日立製作所(日立)は11月22日、独自に開発している新型半導体コンピューター向けに、半導体デバイスのサイズを変えずに計算規模を10倍に向上する技術を開発したと発表した。

同社は、交通渋滞やグローバルサプライチェーンにおける物流コストなど、システム化された社会インフラの複雑な課題に対する実用解を計算処理によって導き出し、システムの高効率化・高信頼化を実現することを目指し、新型半導体コンピューターの開発を進めている。

これまで、2万480パラメーター規模に対応した専用チップの試作に成功し、実用解が高効率で求められることを確認しているほか、社会課題を同コンピューターで計算処理可能な形に自動変換する前処理アルゴリズムを開発している。しかし、社会課題が複雑化するにつれ、解く問題の規模が増加し、対応する計算器の大規模化が必要となっている。

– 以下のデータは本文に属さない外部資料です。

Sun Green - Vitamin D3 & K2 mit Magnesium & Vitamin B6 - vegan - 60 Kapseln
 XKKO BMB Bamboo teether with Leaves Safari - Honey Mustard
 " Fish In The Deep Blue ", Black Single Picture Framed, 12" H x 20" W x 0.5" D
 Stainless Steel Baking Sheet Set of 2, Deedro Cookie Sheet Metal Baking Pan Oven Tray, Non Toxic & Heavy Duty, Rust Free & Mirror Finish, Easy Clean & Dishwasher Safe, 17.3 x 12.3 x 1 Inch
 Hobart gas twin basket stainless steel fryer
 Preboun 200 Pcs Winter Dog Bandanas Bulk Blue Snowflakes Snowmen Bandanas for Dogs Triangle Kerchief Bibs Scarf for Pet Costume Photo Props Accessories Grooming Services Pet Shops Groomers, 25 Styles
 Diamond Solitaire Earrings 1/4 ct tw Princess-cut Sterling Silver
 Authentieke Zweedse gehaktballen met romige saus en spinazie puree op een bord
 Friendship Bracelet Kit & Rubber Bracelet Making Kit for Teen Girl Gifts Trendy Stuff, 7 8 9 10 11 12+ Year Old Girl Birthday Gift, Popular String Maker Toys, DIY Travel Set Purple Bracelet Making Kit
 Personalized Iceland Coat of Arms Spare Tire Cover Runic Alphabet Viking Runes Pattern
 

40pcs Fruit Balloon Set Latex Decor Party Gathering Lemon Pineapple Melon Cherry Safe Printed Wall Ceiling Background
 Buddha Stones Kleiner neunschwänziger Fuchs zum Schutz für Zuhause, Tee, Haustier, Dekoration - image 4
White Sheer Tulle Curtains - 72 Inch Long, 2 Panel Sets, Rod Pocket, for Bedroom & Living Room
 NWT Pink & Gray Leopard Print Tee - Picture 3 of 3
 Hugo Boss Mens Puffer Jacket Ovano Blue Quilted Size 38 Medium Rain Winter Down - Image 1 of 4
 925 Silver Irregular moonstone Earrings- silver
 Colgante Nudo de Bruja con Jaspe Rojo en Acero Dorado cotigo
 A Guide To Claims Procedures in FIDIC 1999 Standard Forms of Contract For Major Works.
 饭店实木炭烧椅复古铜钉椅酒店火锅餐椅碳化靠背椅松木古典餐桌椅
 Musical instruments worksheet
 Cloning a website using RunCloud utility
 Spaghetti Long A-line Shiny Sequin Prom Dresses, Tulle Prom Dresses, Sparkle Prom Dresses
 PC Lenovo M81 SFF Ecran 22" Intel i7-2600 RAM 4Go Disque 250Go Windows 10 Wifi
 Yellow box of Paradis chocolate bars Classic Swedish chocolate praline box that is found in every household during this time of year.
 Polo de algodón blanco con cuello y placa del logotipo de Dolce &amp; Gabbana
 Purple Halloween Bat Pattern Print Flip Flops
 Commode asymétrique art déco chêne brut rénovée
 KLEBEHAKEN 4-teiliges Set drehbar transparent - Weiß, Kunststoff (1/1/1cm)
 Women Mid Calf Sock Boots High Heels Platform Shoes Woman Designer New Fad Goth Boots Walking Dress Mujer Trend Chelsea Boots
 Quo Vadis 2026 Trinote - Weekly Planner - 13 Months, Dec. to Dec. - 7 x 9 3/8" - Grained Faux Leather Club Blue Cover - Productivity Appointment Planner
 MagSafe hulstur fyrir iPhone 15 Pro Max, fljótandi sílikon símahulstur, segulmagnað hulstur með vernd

今回の開発技術は、演算回路と乱数発生器を複数の要素で共有するもので、同技術をFPGAを用いて試作した新型半導体コンピューターに適用したところ、適用前と比べて回路規模を約10分の1に低減し、低減前と同じサイズの半導体デバイスで約10倍の規模の計算処理が可能になることを確認した。

なお、同成果の一部は2016年11月24日に、広島で開催される「4th International Workshop on Computer Systems and Architectures」で発表される予定だ。